TASK STATEMENT | From the line containing "Da mucho miedo, pero" down to the last line of the material, output each line exactly as it appears, excluding pictures.
[INFORMATION SUPPLIED — start]
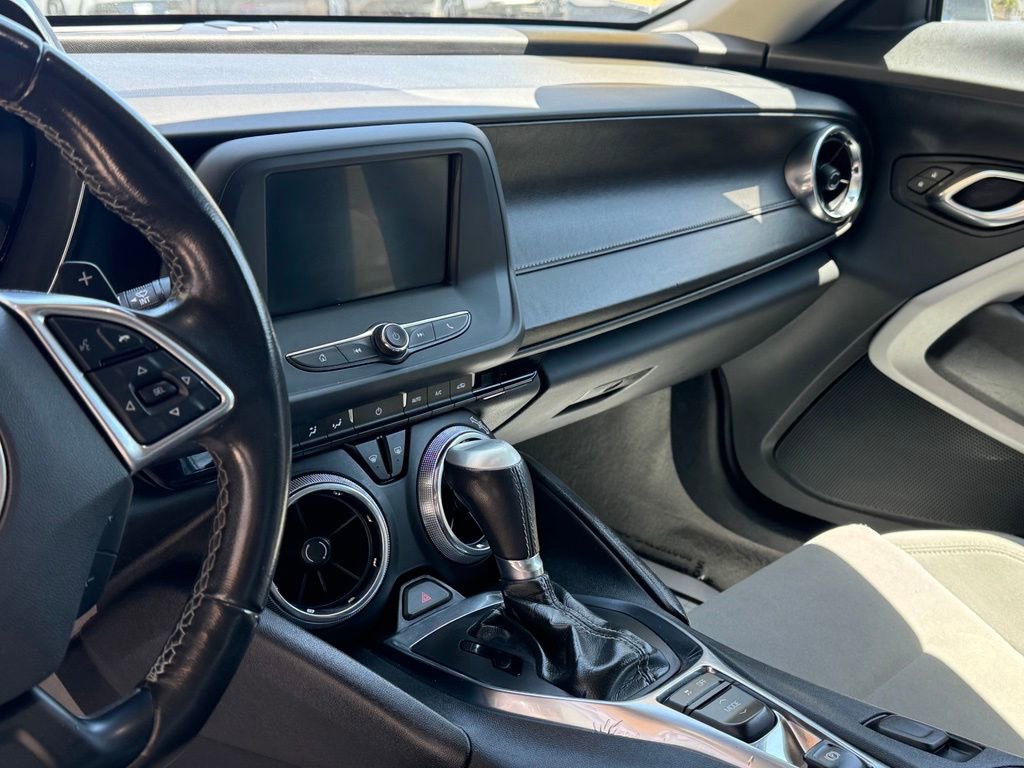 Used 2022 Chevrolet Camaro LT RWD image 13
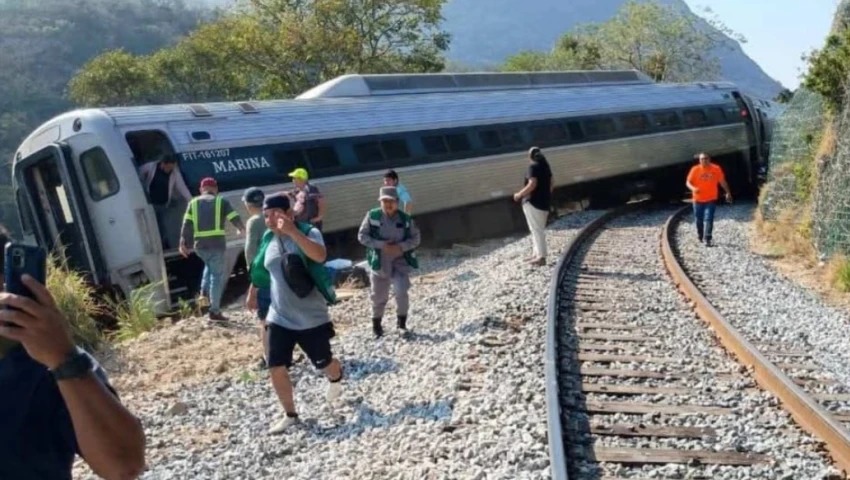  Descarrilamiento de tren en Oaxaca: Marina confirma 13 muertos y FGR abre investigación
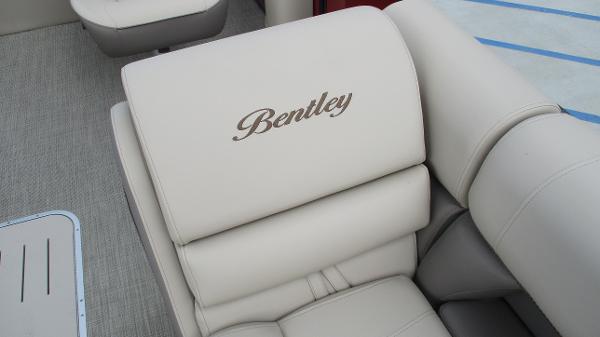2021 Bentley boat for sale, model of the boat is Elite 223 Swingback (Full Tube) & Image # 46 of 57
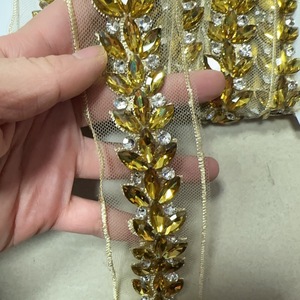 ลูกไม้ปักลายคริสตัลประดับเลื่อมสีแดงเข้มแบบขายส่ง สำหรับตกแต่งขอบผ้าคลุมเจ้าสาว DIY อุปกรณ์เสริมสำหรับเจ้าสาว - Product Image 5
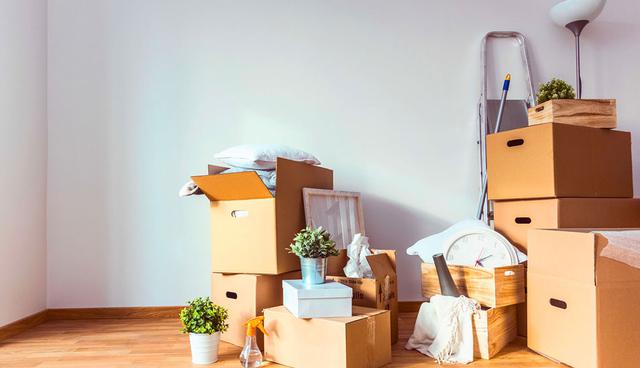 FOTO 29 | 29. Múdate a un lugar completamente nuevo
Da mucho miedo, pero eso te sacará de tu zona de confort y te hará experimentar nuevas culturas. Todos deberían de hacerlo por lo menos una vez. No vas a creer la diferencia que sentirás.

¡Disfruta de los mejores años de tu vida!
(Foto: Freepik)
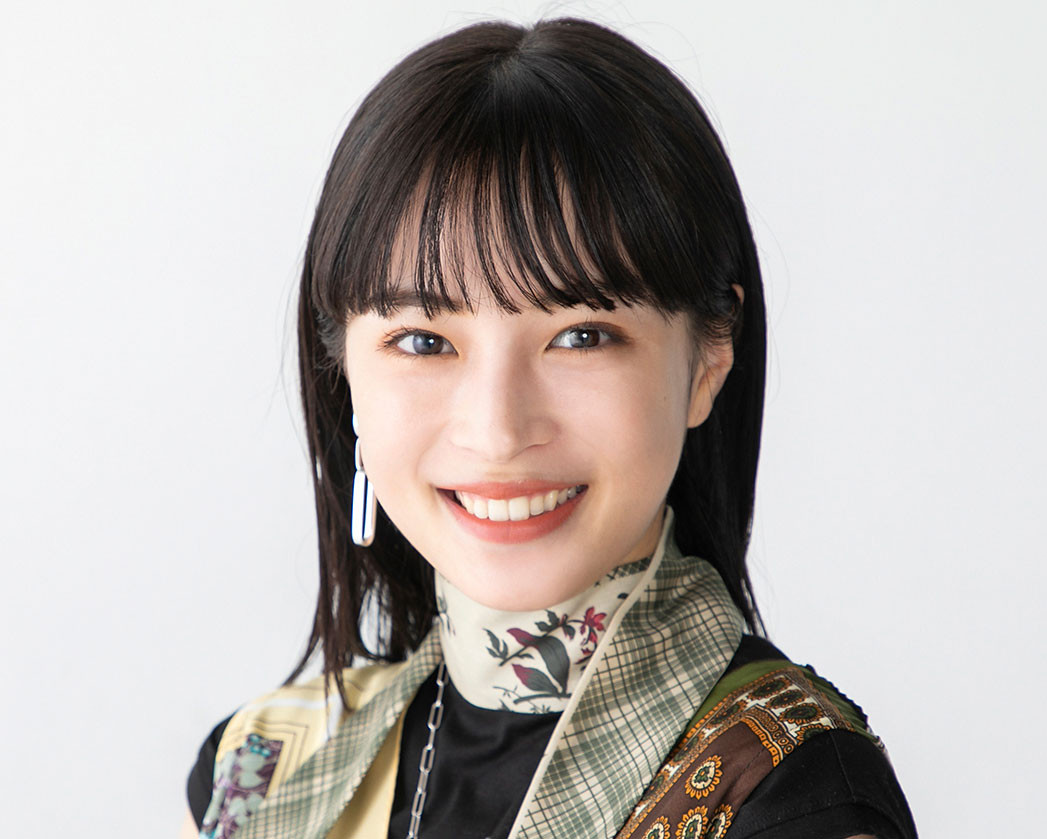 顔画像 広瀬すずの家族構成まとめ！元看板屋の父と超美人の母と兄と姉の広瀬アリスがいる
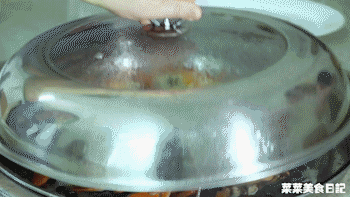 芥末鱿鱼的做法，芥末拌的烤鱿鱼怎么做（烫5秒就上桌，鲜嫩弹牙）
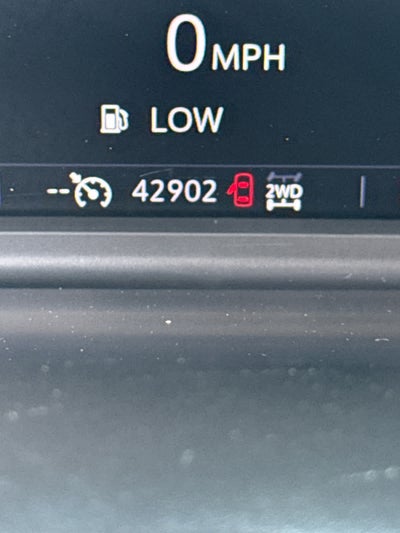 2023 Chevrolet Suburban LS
[INFORMATION SUPPLIED — finish]
WRITTEN REPLY |
Da mucho miedo, pero eso te sacará de tu zona de confort y te hará experimentar nuevas culturas. Todos deberían de hacerlo por lo menos una vez. No vas a creer la diferencia que sentirás.

¡Disfruta de los mejores años de tu vida!
(Foto: Freepik)
 顔画像 広瀬すずの家族構成まとめ！元看板屋の父と超美人の母と兄と姉の広瀬アリスがいる
 芥末鱿鱼的做法，芥末拌的烤鱿鱼怎么做（烫5秒就上桌，鲜嫩弹牙）
 2023 Chevrolet Suburban LS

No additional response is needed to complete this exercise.